To evaluate the performance of each model I am using the human-eval-infilling tool from OpenAI. I forked their library and made some slight adjustments to make it more ergonomic to work with. Then I created some scripts to take the test cases from the eval, create a prompt with them, and generate responses from the LLM providers. You can check out my code here (it’s a work in progress).

So far I’ve done a limited evaluation on gpt-4o-mini and gemini-1.5-flash. I ran 100 test samples against both GPT and Gemini. Each sample was attempted 5 times.

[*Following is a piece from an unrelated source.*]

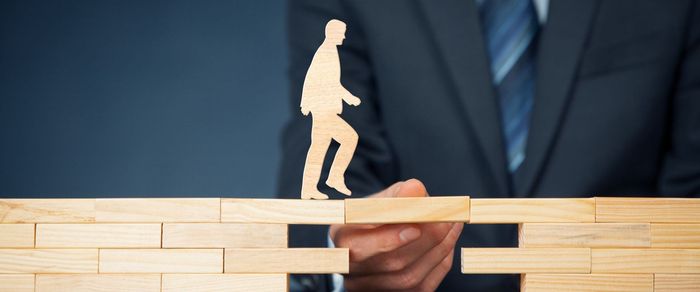 a man in a suit is holding a wooden figure of a man walking across a wooden bridge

I used the same system prompt for both models. Unlike my approach in the MVP, I’ve gone back to basics for a standard FIM (“fill in the middle”) prompting strategy. Basically you take the block of code and split it into a “prefix” and “suffix” around the cursor position. Then you use XML tags to tell the model where the prefix and suffix begin, and add a “middle” tag to ask it to “fill in the middle”. So for example we’ll take the code below (where the | indicates the cursor position):

def mean_absolute_deviation(numbers: List) -> float:
|    return sum(abs(x - mean) for x in numbers) / len(numbers)

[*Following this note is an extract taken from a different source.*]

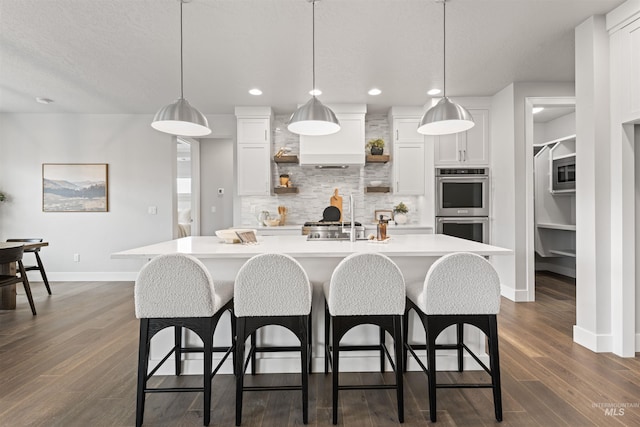 kitchen featuring stainless steel appliances, white cabinets, light countertops, tasteful backsplash, and an island with sink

We’ll re-arrange the code block above, using <PRE>, <SUF>, and <MID> tags to indicate the position of the prefix, suffix, and middle. The middle always comes at the end because the model completes the sequence of tokens.

<PRE>def mean_absolute_deviation(numbers: List) -> float:\n<SUF>return sum(abs(x - mean) for x in numbers) / len(numbers)<MID>

So I created a simple function which will take the prefix and suffix from the evaluation task and turn it into an api call to the LLM provider. Below is the version for GPT, and there is a similar one for Gemini.

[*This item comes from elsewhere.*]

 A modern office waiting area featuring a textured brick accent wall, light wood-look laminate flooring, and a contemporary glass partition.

def generate_completion(prefix: str, suffix: str) -> str:
    completion = client.chat.completions.create(
        model="gpt-4o-mini",
        messages=[
            {"role": "developer", "content": SYSTEM_PROMPT},
            {"role": "user", "content": f"<PRE>{prefix}<SUF>{suffix}<MID>"},
        ],
    )
		return completion.choices[0].message.content

In the code above you can see the user prompt is very simple. I did not use the workaround used in the MVP. Thus, unsurprisingly, GPT performed quite poorly. Gemini on the other hand crushed it.

Gemini flash comes out on top with ~96% accuracy for pass@1 which is very impressive, and 99% for pass@5. It cost me ~$0.033 for Gemini (you can actually do it for free but the rate limit is a pain). GPT on the other hand does abysmally with ~39% accuracy for pass@1 and ~43% for pass@5. This cost ~$0.063.

This is just a little taste of evaluations that I’ve been working on today, I’m excited to get back to it tomorrow to test Claude and perhaps introduce some open source models into the mix as well. But so far it’s clear that Gemini is in the lead.